Standard and Poor's Downgrades Russia's Credit Rating

Standard and Poor's Downgrades Russia's Credit Rating

Standard & Poor’s downgraded Russia’s credit rating to BBB-, just one notch above junk, and warned that the nation faced a further downgrade in the event of tighter financial sanctions by members of the North Atlantic Treaty Organization (NATO). To prevent a big drop in the exchange rate of their ruble currency, Russia’s central bank increased its benchmark interest rate to 7.5% in an effort to trim inflation. 

The Central Bank of Russia raised the rate it loans to the nation’s bank by .5% following the S&P downgrade. The last time the country’s monetary authorities raised rates was in March–to 7% from 5.5%–at the start of the Ukraine crisis. 

Investors concerned about the Ukrainian crisis and sanctions pulled $64 billion out of Russia in the first three months of 2014, according to S&P. Russia’s finance ministry acknowledged this week that the economy could fall into a recession in the second quarter.
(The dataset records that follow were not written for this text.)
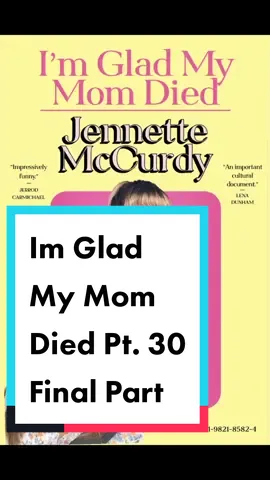 Replying to @lukieeem3 #greenscreen final part, thank you guys so much for being here with me throughout this series, I hope everyone is able to get a copy of her book, it is so incredible #BookTok #imgladmymomdied #jennettemccurdy #icarly #BookRecommendations #celebritymemoirs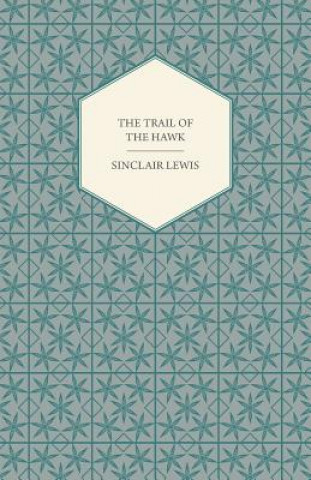 Carte Trail Of The Hawk Sinclair Lewis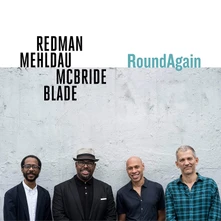 Joshua Redman, Brad Mehldau, Christian McBride & Brian Blade, CD Roundagain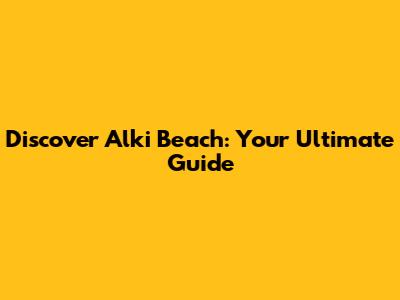 Discover Alki Beach: Your Ultimate Guide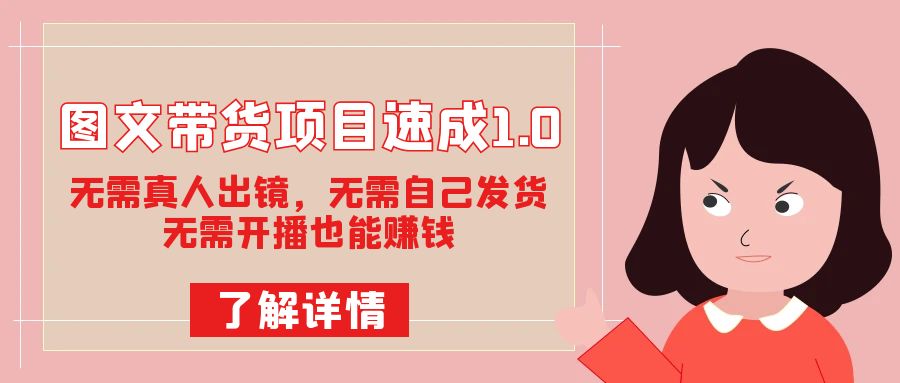 图文带货项目速成1.0：无需真人出镜，无需自己发货，无需开播也能赚钱！-牵机网
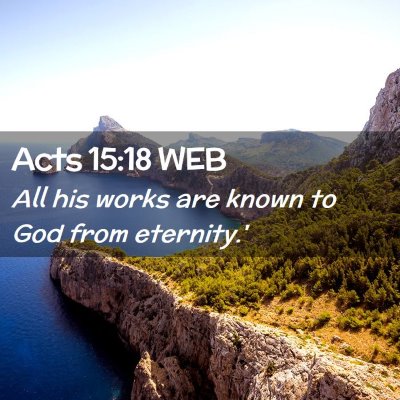 Picture 02 - Acts 15:18 WEB - All his works are known to God from - Bible Verse Picture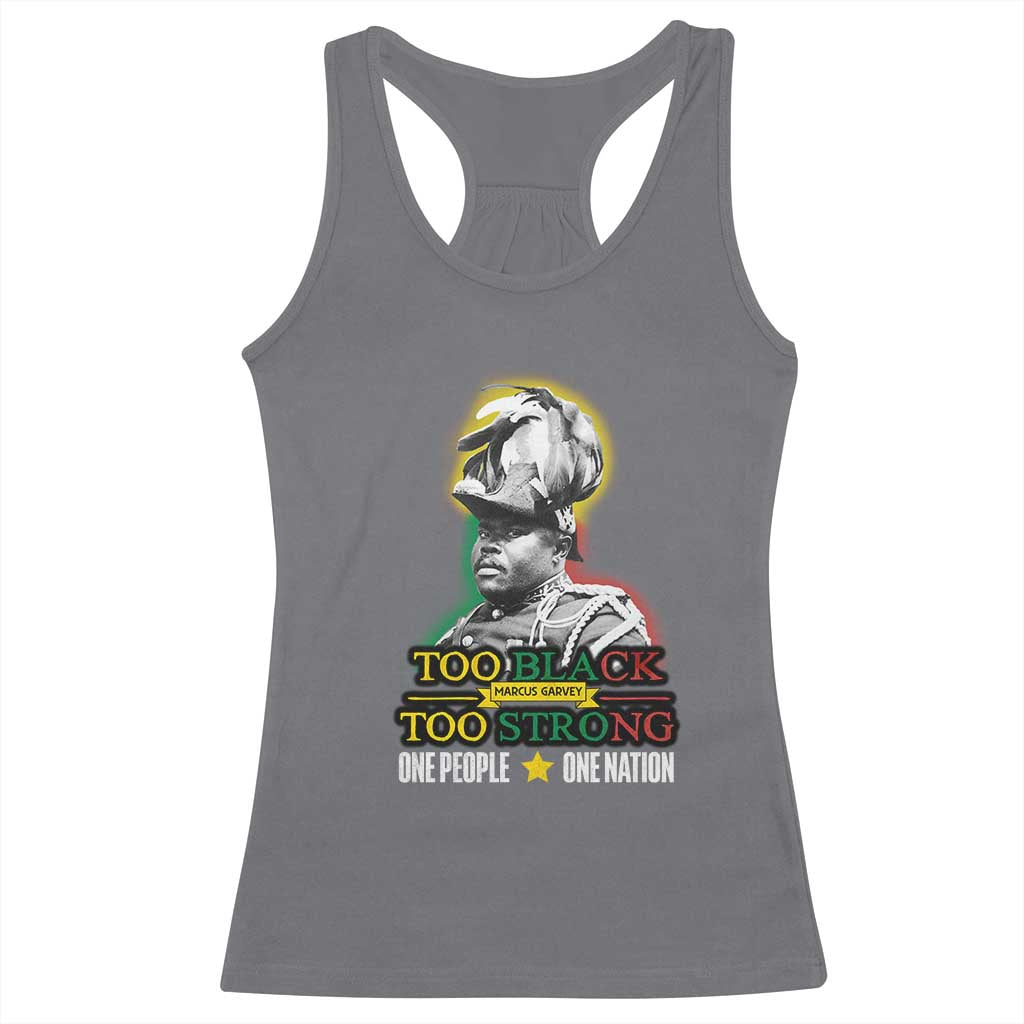 Marcus Garvey Racerback Tank Top Too Black Too Strong One People One Nation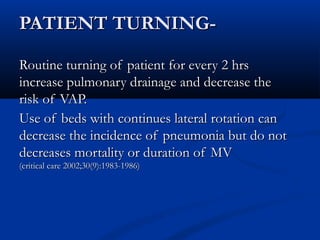 PATIENT TURNING-

Routine turning of patient for every 2 hrs
increase pulmonary drainage and decrease the
risk of VAP.
Use of beds with continues lateral rotation can
decrease the incidence of pneumonia but do not
decreases mortality or duration of MV
(critical care 2002;30(9):1983-1986)
 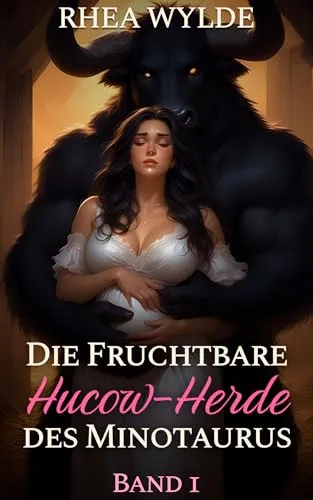 Die Fruchtbare Hucow-Herde des Minotaurus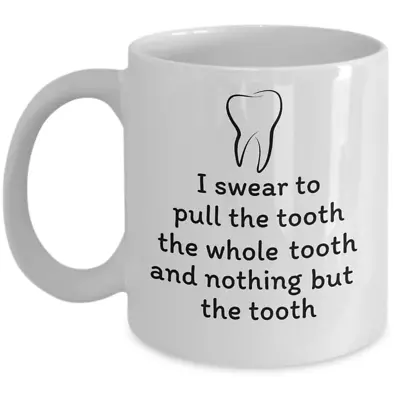 £18.32 • Buy Funny Dentist Pledge Joke Mug - I Swear To Pull The Tooth Dentistry Dental Gift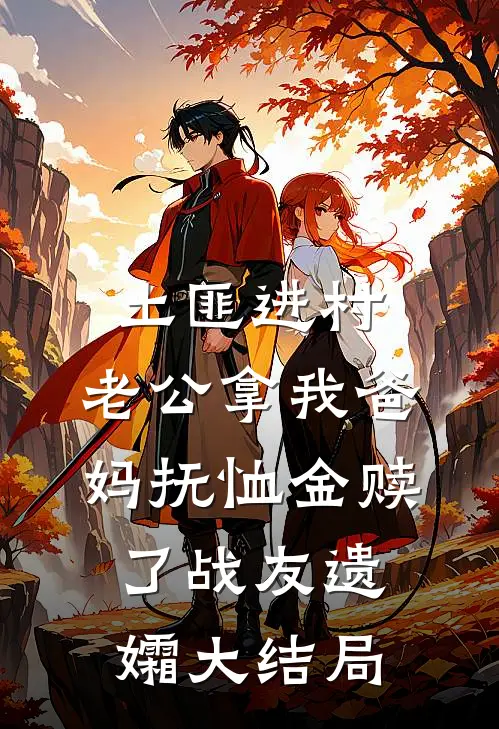土匪进村，老公拿我爸妈抚恤金赎了战友遗孀大结局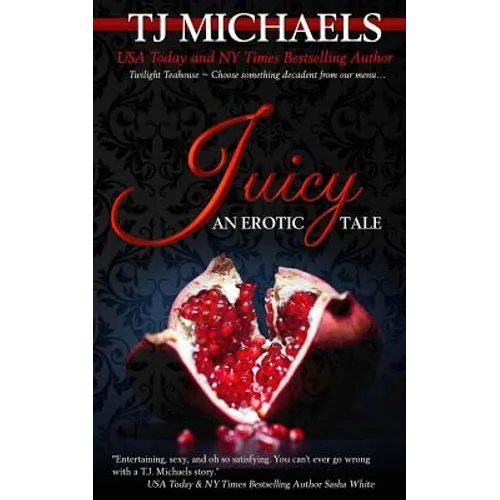 Juicy: A Twilight Teahouse Novel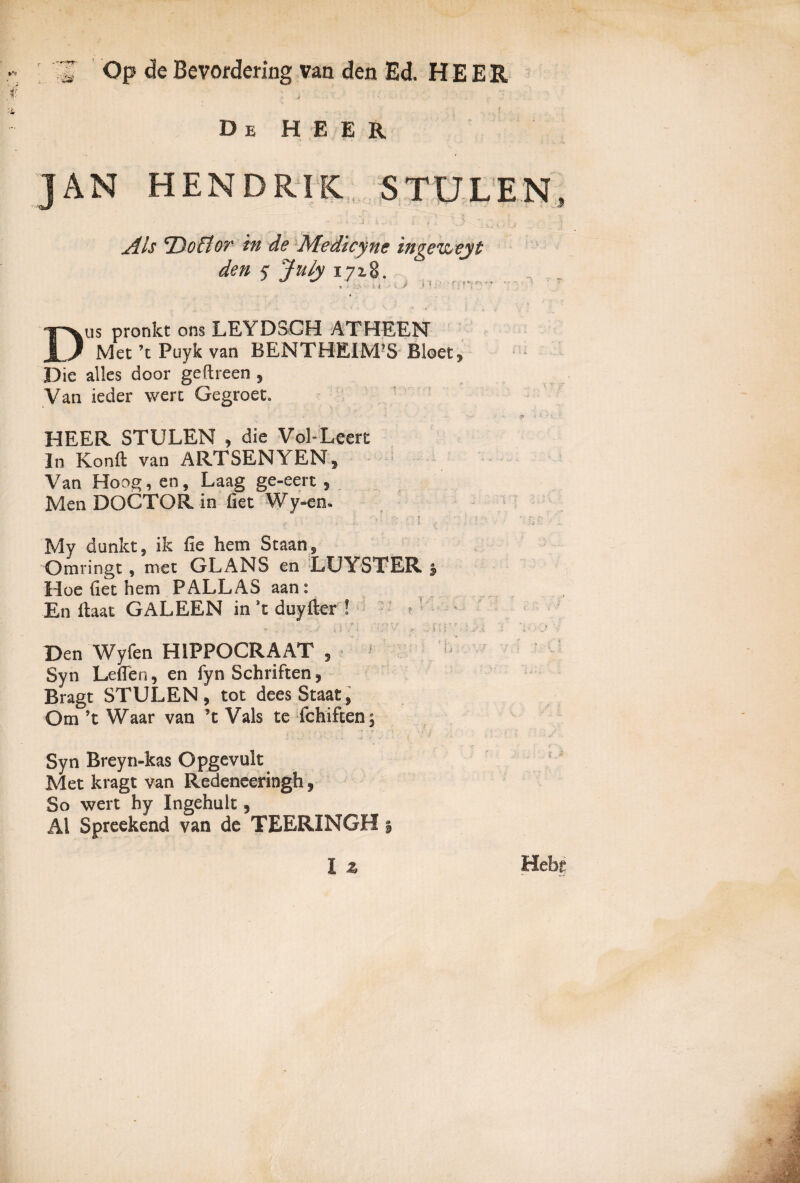  Op de Bevordering van den Ed. H E E R i • ... De H E E R JAN HENDRIK STULEN, Als 'DoBor in de Medicyne inga&eyt den < July 1718. U ^ , .* > ■- • 1* Dus pronkt ons LEYDSCH ATHEEN Met ’t Puyk van BENTHEIM?S Bloet? Die alles door geftreen , Van ieder wert Gegroet. * * - < • •- Sk • t V. • HEER STULEN , die Vol-Leert In Konft van ARTSENYEN, Van Hoog, en, Laag ge-eert , Men DOCTQR in fiet Wy-en. My dunkt, ik fie hem Staans Omringt, met GLANS en LUYSTER. 5 Hoe Get hem PALLAS aan : En Gaat GALEEN in *t duyfler ! ? ’ . ... .■ :> .'■ • , ... f; i'5 • ; : '. ...' Den Wyfen H1PPOCRAAT , Syn LeGen, en fyn Schriften, Bragt STULEN, tot deesStaat, Om ’t Waar van ’t Vals te fchiften, Syn Breyn-kas Opgevuk Met kragt van Redeneeringh , So wert hy Ingehuit, AI Spreekend van de TEERINGH §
The Russian Central Bank’s website cites Chair Elvira Nabiullina saying that “the adopted decision on the key rate would ensure a decline in inflation to no more than 6.0% by the end of 2014 and help to maintain the appropriate balance of inflation risks and the risks of further economic slowdown.”

The downgrade and interest rate rise came as Ukraine’s military crackdown on pro-Russian rebels in eastern Ukraine extended into a second day and concerns mounted internationally over the possibility of an invasion by the 40,000 Russian troops massed on Ukraine’s eastern border. 

The Central Bank issued a downbeat assessment of the country’s economic prospects, noting that “the uncertainty of the foreign policy situation” was having a “negative impact” on output and investment. 

Inflation is a top concern for policymakers as Russians suffered during previous episodes of currency devaluation and price increases in 1997-98 and 2008-09. The ruble has devalued by 9% so far this year, and core inflation is running 1% above the nation’s stated target objective of 5%. 

On April 24th, U.S. Secretary of State John Kerry complained that Russia’s activities in eastern Ukraine were a “gross intimidation” to actively subvert the democratic process in its neighbor. “Russia is trying to achieve through the barrel of the gun and through the force of the mob what could not be achieved in any other way,” he said. While stopping short of announcing new sanctions, Secretary Kerry said the world was ready to act if Moscow did not take steps to de-escalate a crisis that Russia was itself stoking by ordering large-scale military exercises on the border of Ukraine earlier in the day.

From Tokyo Thursday, President Barack Obama accused Russia of failing to abide by the Geneva agreement, and he warned that new sanctions were already “teed up.”

The war of words between Moscow and Kiev intensified as Russian President Vladimir Putin warned Ukraine there would be “consequences” for using its army “against its own people.” Oleksandr Turchynov, Ukraine’s acting president, accused Russia of “coordinating and supporting terrorist killers.”